Do Europe and the US have to fight together if they do not want to be defeated separately? Does the divided, inhomogeneous Europe have the strength and the possibility to go it alone?

The prognoses are not encouraging:
“Europe will have to choose. If it relies on preventive warfare to protect itself, it will seek ranks with the US and the market fundamentalists in the economy. If it wants to be a pioneer of a policy of preventive justice in the world, it will look for coalitions with like-minded states and civil society. Then it can only be good for the European project if the Europeans look up every now and then from the everyday scuffle in Brussels and ask themselves what they would like to be remembered for by the coming generations at the end of the 21st century. Because that is what it is: In the developing world society, Europe will not survive through the number of its people, but only through the power of its ideas. The transnational world of tomorrow will be populated by brown, yellow and black faces, the European whites will hardly make up more than seven percent of the world's population. So the world society of the 21st century will certainly not be a European society - just as the Europe of the 15th century was neither a Greco-Roman society. " (6, p. 246).

Literature:
(1) Kesselring Thomas, Ethics of Development Policy, CH Beck, Munich, 2003.
(2) Lovelock James, Gaias Rache, Ullstein, Berlin 2007.
(3) Meadows Denis, The Limits of Growth, dva, Stuttgart, 1972.
(4) Parker Geoffrey, The Military Revolution, Campus, Franakfurt, 1990.

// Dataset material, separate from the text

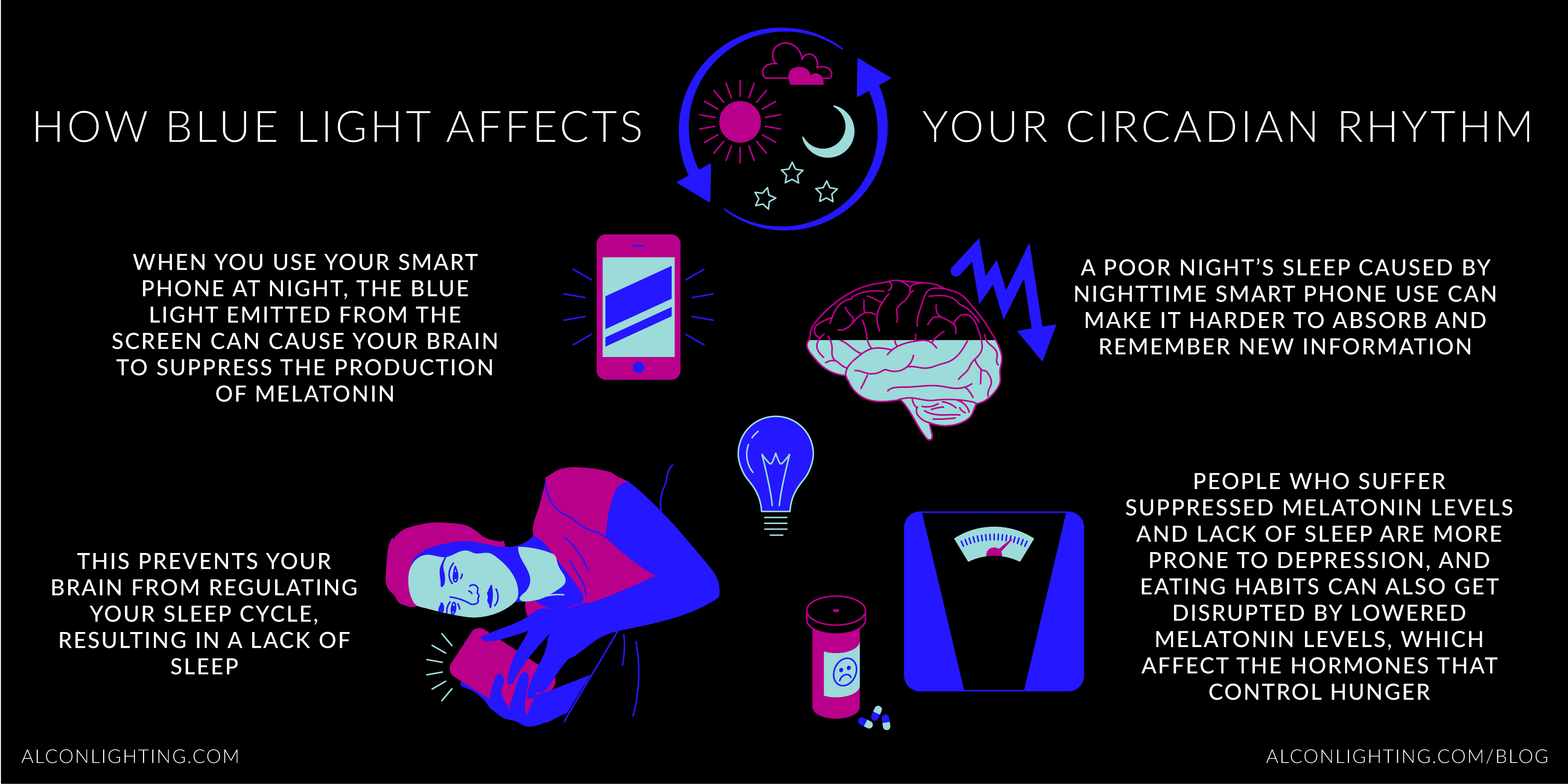 landsby Som svar på Pompeji The Effects of Light Color and Intensity on Your Mind and Body — Insights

(5) Ritsert Jürgen, Justice and Equality, Westphalian Steamboat, Münster, 1997.
(6) Sachs Wolfgang, Fair Future, CH Beck, Munich 2005.
Endnotes:
[i]If “social justice” is spoken of in political Sunday speeches, it usually remains unclear whether “opportunity or procedural justice” or “distributional or result justice” is meant.

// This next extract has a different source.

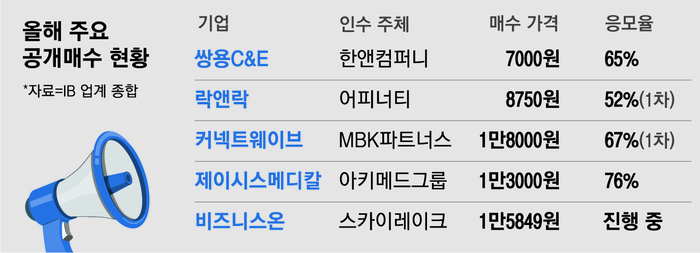 웨이브앤파트너스 이미지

[ii] Augustine (354-430), Bishop of Hippo, was the greatest of the ancient Latin Church Masters.
[iii] On the biblical justification of slavery, see “Brief, terse, curious” on page 285 “Slave robbery in the Mediterranean”.
[iv] CIA = Central Intelligence Agency, the US foreign intelligence service.
[v] In this context it is interesting that there were demonstrations in Mexico at the beginning of 2007 because of excessively high corn prices. These are due to the fact that corn is fermented into bio-fuel for cars in the USA.